Repeat exactly, and nothing more, the lines from the one that includes "Legal Metrology raids" through the final line of the entries; skip the pictures.

## Information provided
___
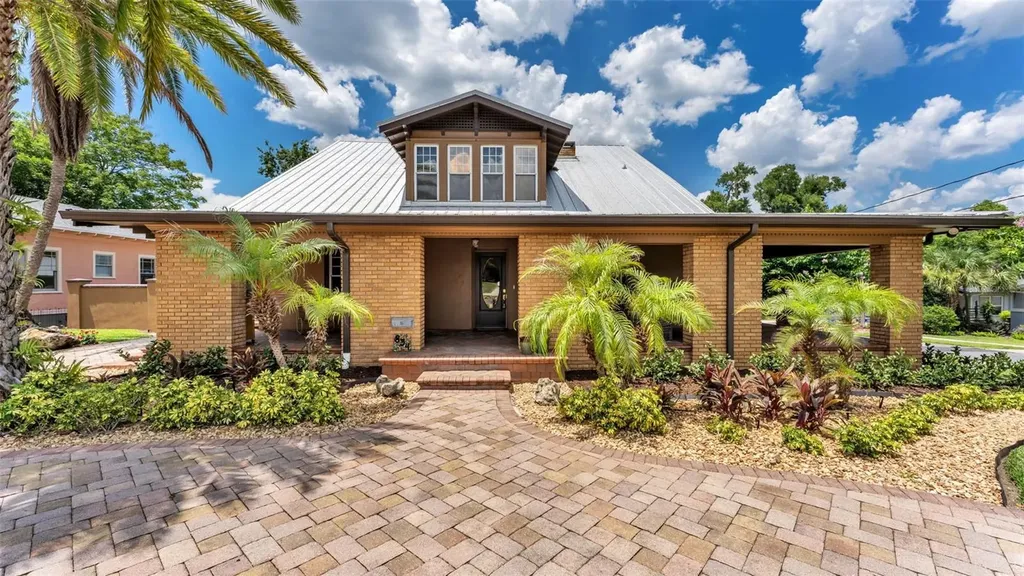 834 Cumberland Street Lakeland FL 33801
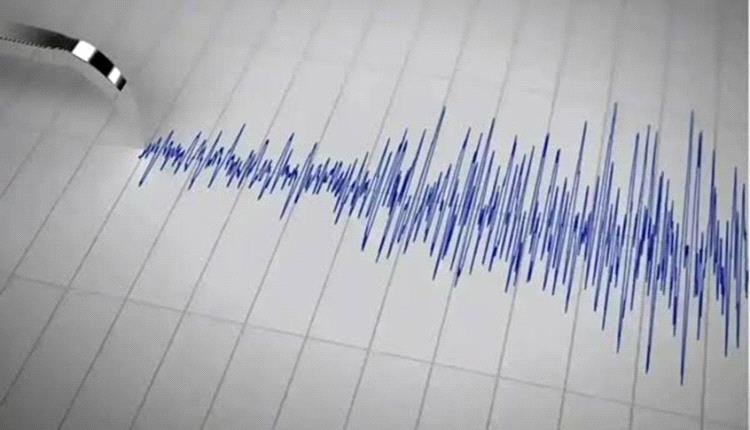 زلزال بقوة 5.9 درجة على مقياس ريختر يضرب سومباوا في إندونيسيا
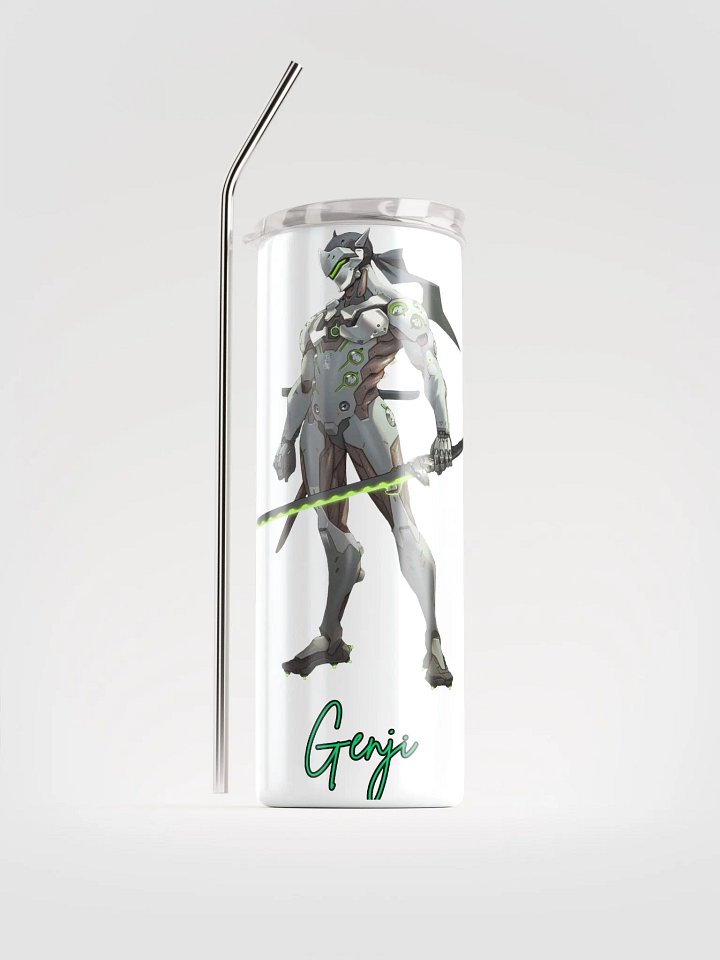 Gobelet en acier inoxydable Genji product image (1)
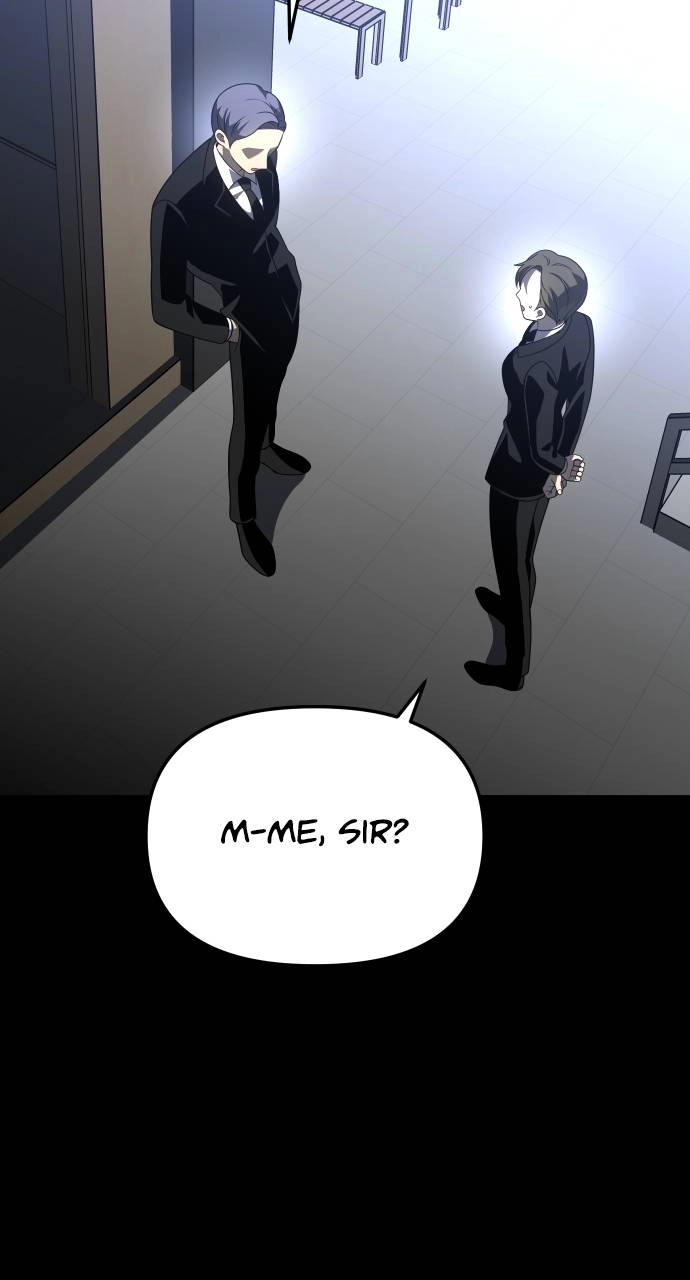 I Was the Final Boss Chapter 37 – Support Mission (2) Page 98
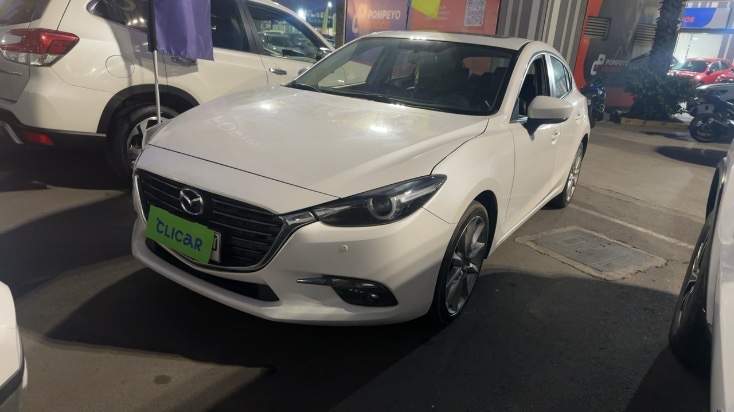 MAZDA - 1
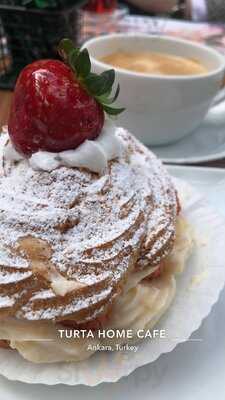 Turta Home Cafe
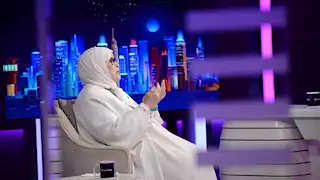 "أعشق الفلسفة".. ياسمين الخيام: أنا فاشلة في الرياضيات وهذه عقدتي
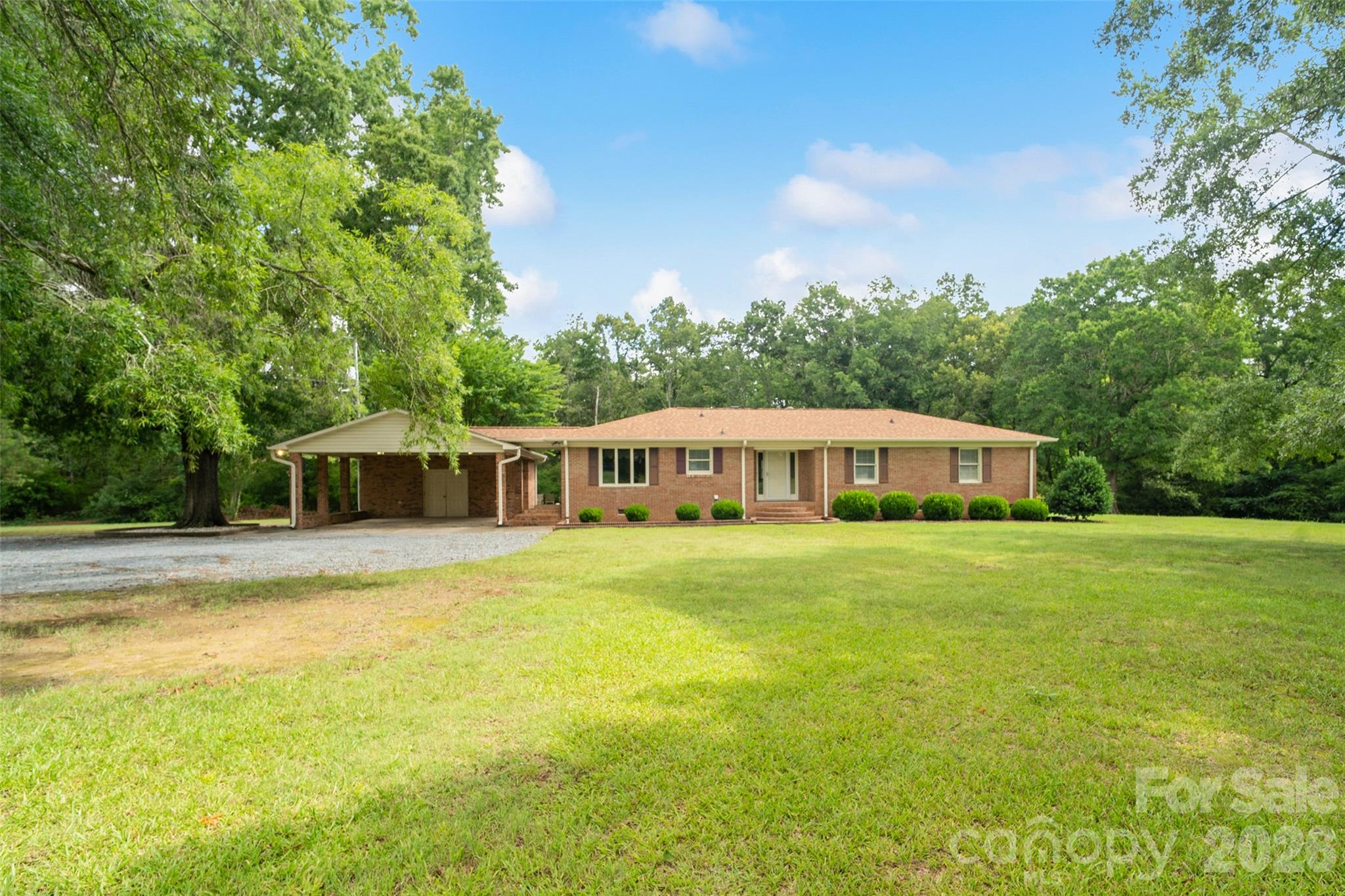1515 Hasty Road Marshville, NC 28103 - Photo 4 of 22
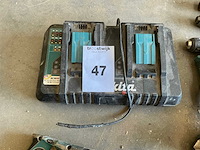 Makita dhr243 klopboormachine - afbeelding 9 van  9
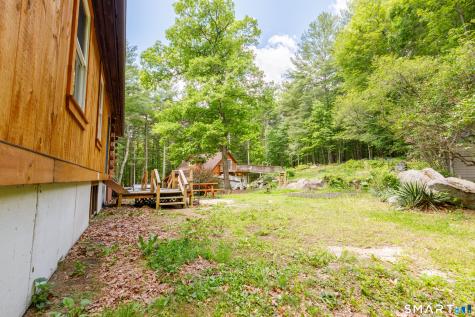 366 Fabyan Road Thompson CT 06255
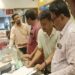 Legal Metrology raids Agartala jewellery shop over weights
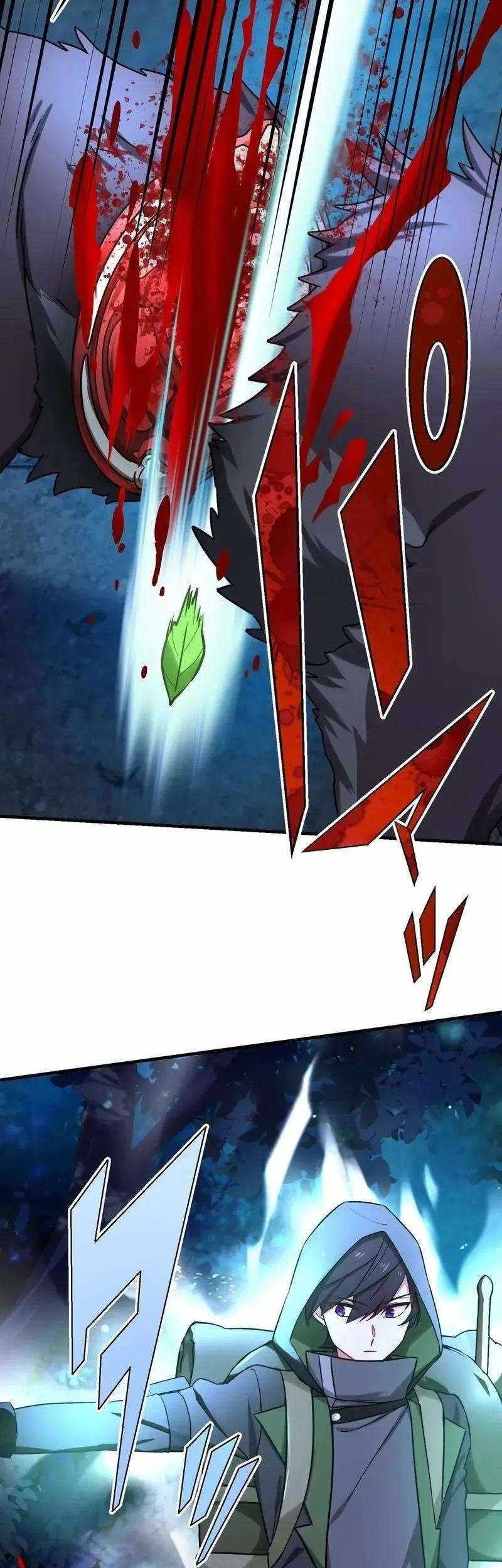 The strongest assassin gets transferred to another world with his whole class Chapter 34 Gambar 22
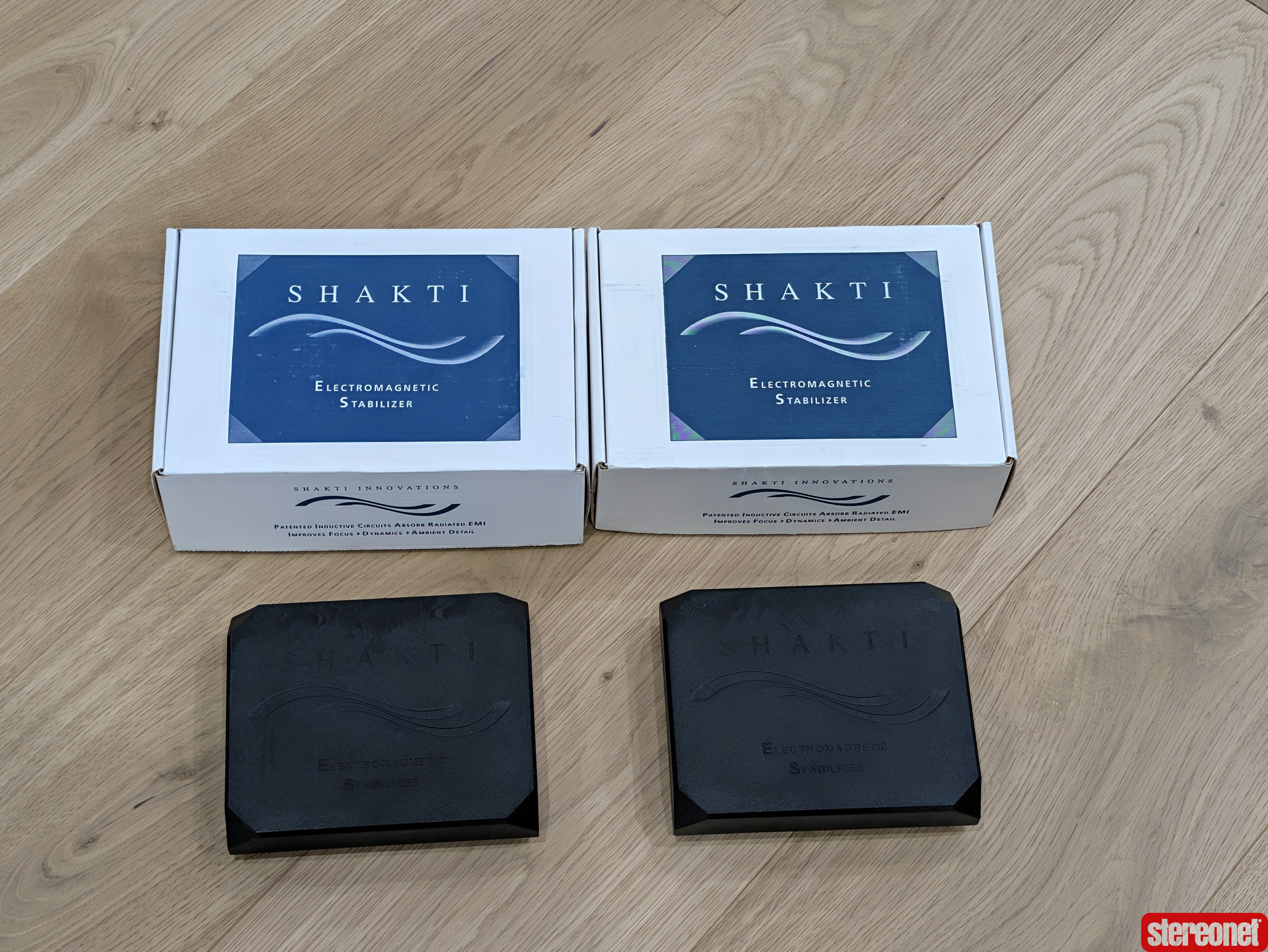 Shakti Innovations Shakti Stone - Electromagnetic Stabilisers Accessory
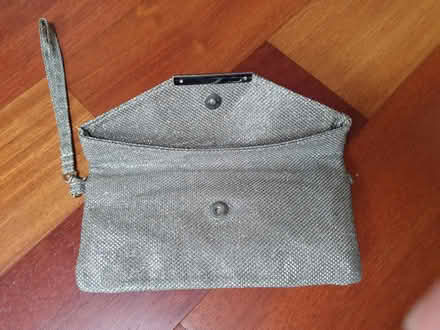 Photo of free Clutch bag (High Wycombe) #3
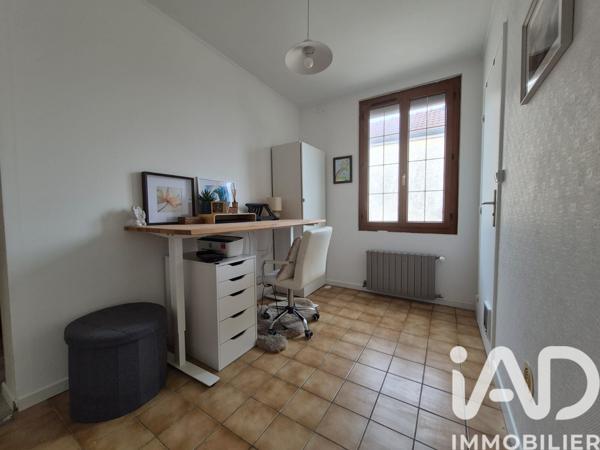 Maison à vendre 4 pièces 76 m² Argenteuil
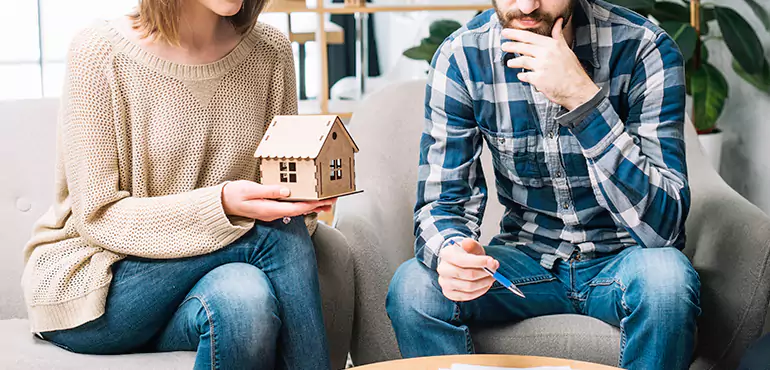 Why Sell Your House During Divorce in Greenwood Village, CO?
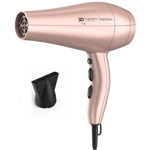 Secador De Pelo Cabello Gama Potenza 3D Keration 2200w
___
## Worked solution
 Legal Metrology raids Agartala jewellery shop over weights
 The strongest assassin gets transferred to another world with his whole class Chapter 34 Gambar 22
 Shakti Innovations Shakti Stone - Electromagnetic Stabilisers Accessory
 Photo of free Clutch bag (High Wycombe) #3
 Maison à vendre 4 pièces 76 m² Argenteuil
 Why Sell Your House During Divorce in Greenwood Village, CO?
 Secador De Pelo Cabello Gama Potenza 3D Keration 2200w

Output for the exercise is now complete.